Commentary of the Day - March 19, 2010:  Reinventing the Lead Balloon - Team-Based Learning.   Guest commentary by Poor Elijah (Peter Berger).

Ben Franklin and Frank Zappa often get the credit, but it was actually Plato who first called necessity "the mother of invention."  In the world of education, though, we're far too twenty-first century to concern ourselves with the wisdom of ancient Greeks, especially anybody who hung around with Socrates.  We're more preoccupied with reinvention, assuming you're willing to define reinvention as the act of giving a new name to something that hasn't worked at least once before.
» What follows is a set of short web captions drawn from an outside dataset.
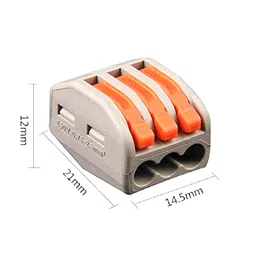 PCT-213 0.08-2.5mm 3 Pole Wire Connector Terminal Block with Spring Lock Lever for Cable Connection image 3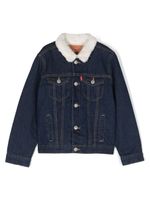 Levi's Kids veste en jean à col contrastant - Bleu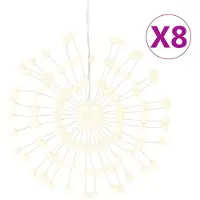 vidaXL Illuminations de Noël Feux d'artifice 8 pcs. 140 LED blanc chaud 17cm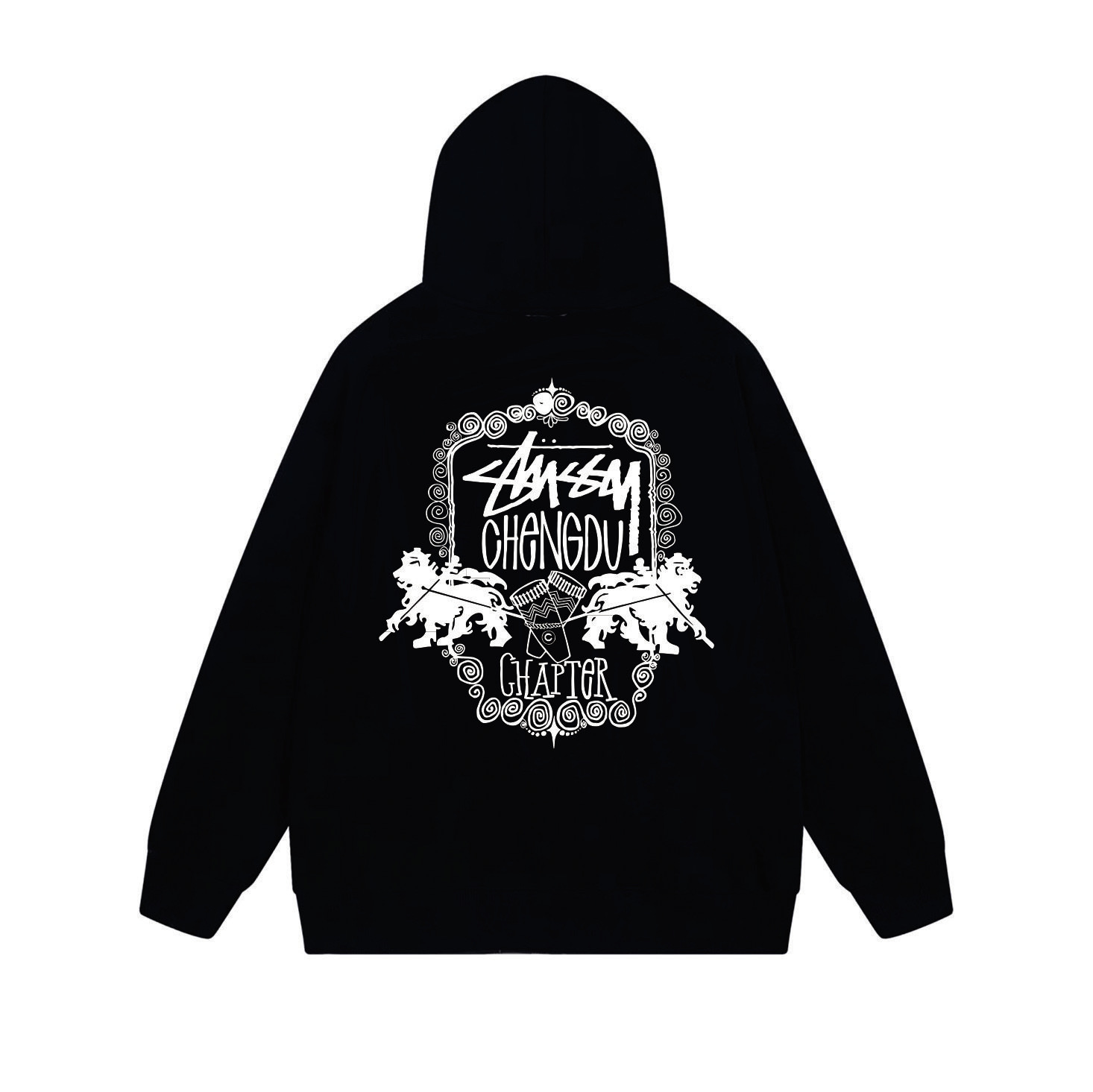 Stussy Monochrome Face Poster Full-Zip Hoodie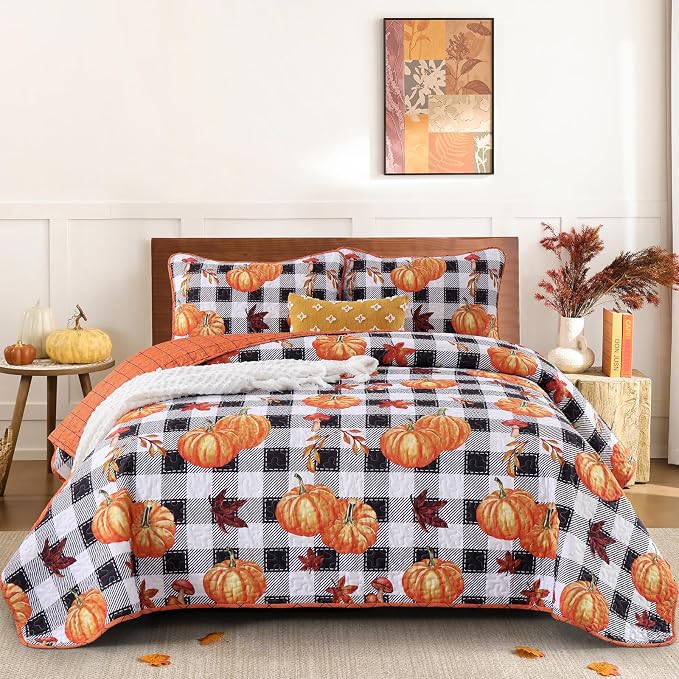 Anibedding Fall Patchwork Quilt King Size, Soft Pumpkins Maple Leaves Themed by Anibedding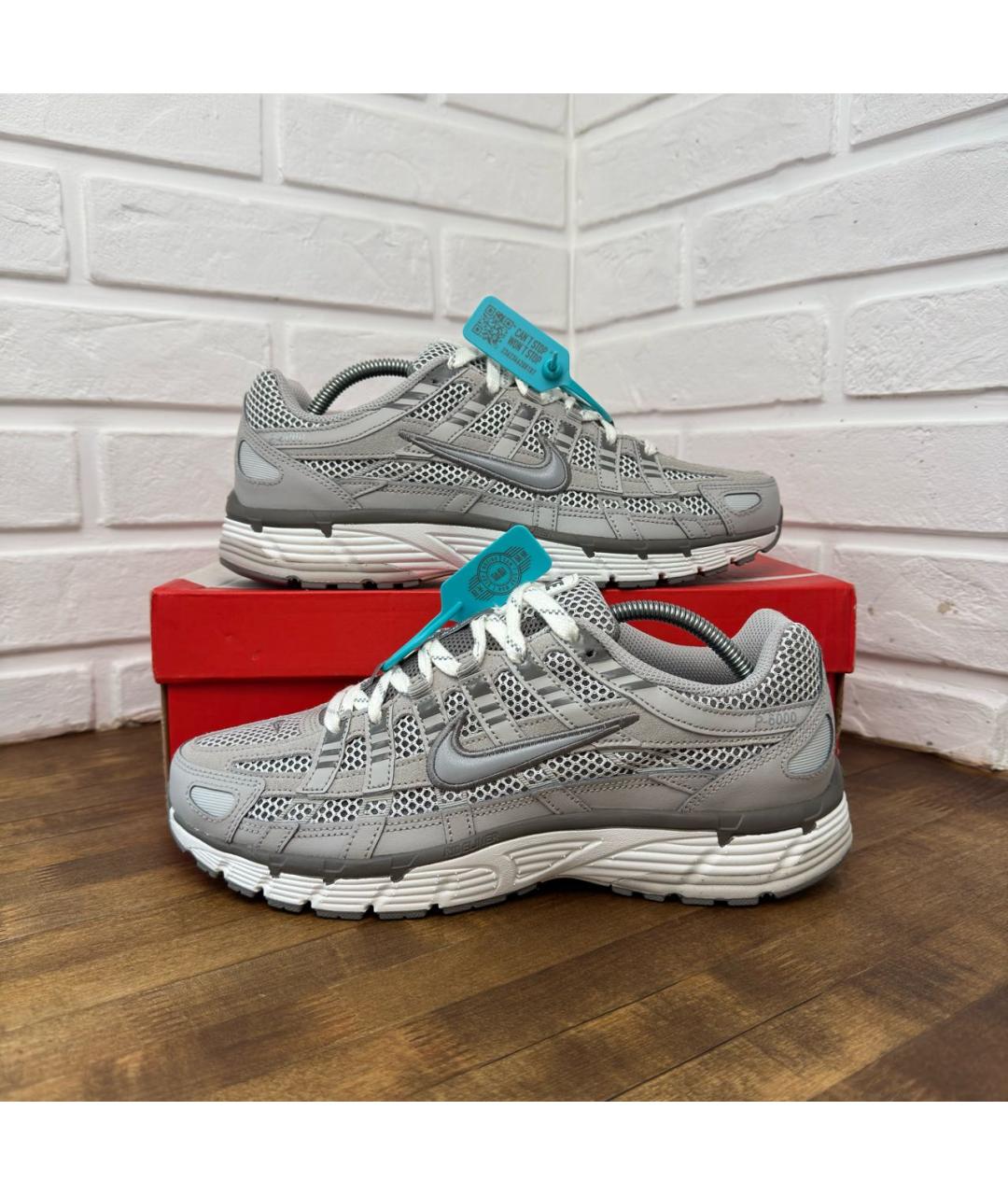 NIKE Серые низкие кроссовки / кеды из искусственной кожи, фото 3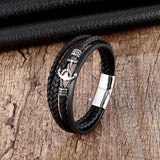Stainless Steel Men's Leather Bracelet Multilayer DIY Custom Woven Anchor Rope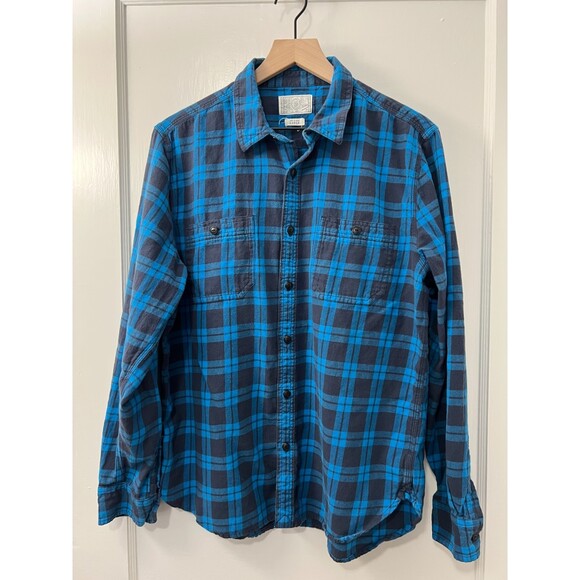 Lucky Brand Men's Blue Plaid Flannel Button Down Shirt 100% Cotton Size L - Picture 1 of 9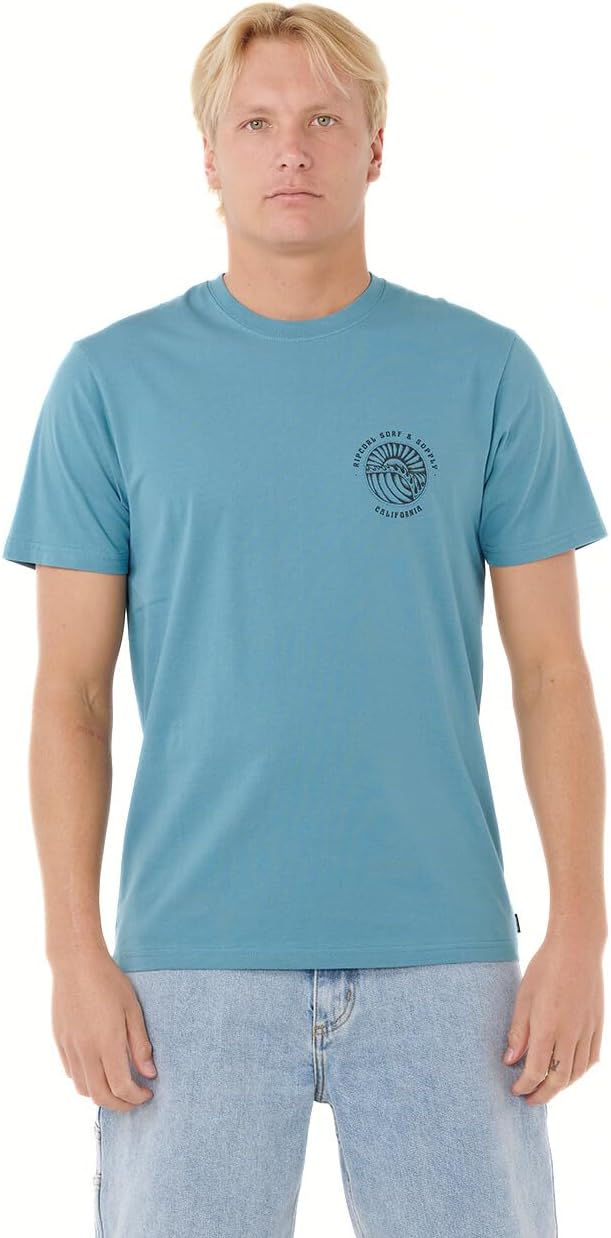 Rip Curl Men's Graphic Short Sleeve Crew Neck T-Shirt, Standard Fit - Storm Blue Cali Sunsets Destination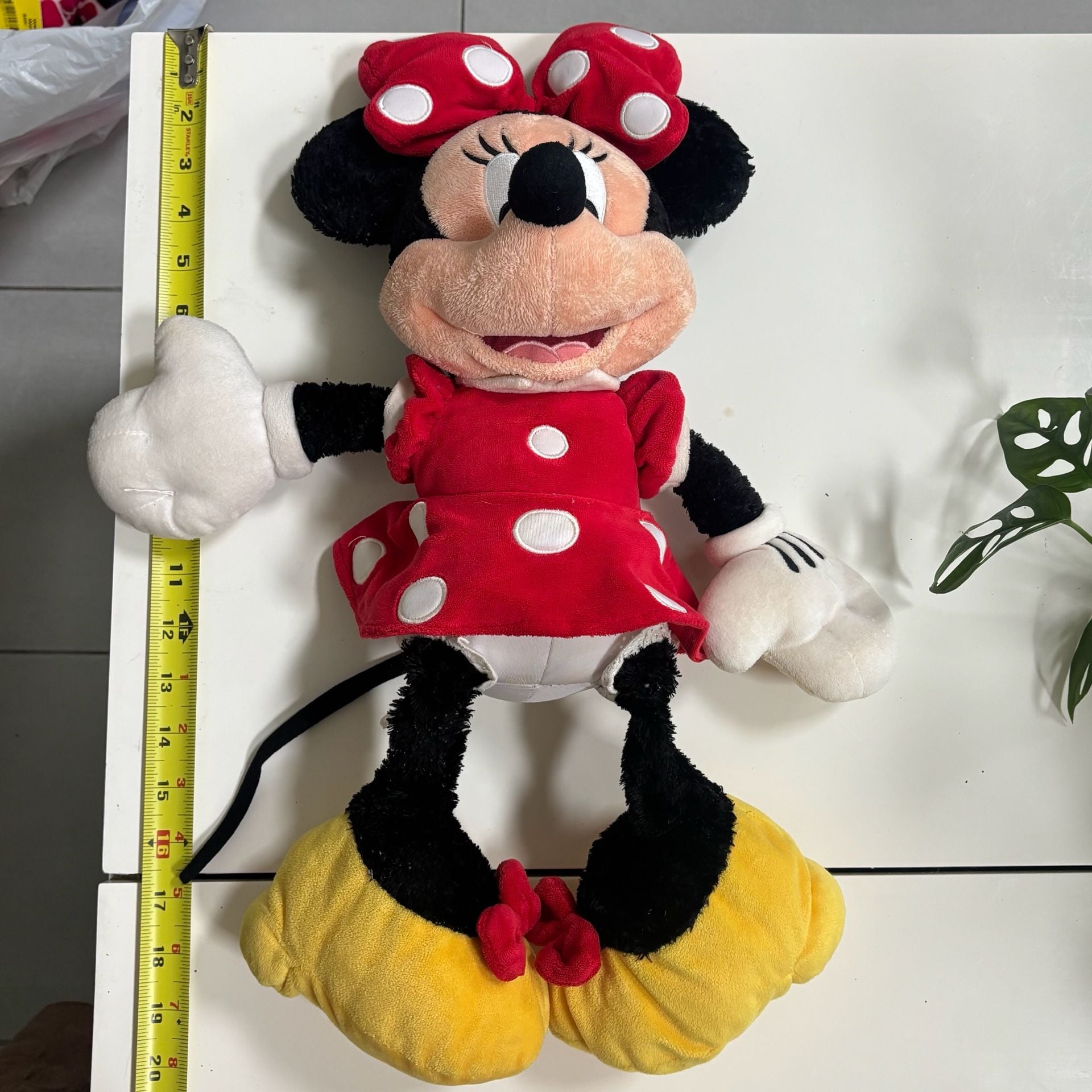Disney Minnie Mouse Plush 20” Stuffed Animal Toy Red Dress Yellow Shoes 4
Don't get me wrong.  Sometimes education experts attempt to reinvent good ideas, like when they boldly emerge from their conclaves to endorse "safe schools" or "academic excellence."  But more often than not, when they introduce a breakthrough education reform for twenty-first century classrooms, they're peddling a resuscitated pet idea that already failed in twentieth century classrooms.

Today, for example, in place of the 1990s campaign touting vague, counterproductive "skills for the twenty-first century," reformers are promoting equally vague, counterproductive "twenty-first century skills."  It's impossible to count how many times unsound mathematics instruction has debuted as the latest incarnation of "New Math."  Even portfolios, education's most exquisitely unreliable assessment tools, are being resurrected as "multiple measures of mastery."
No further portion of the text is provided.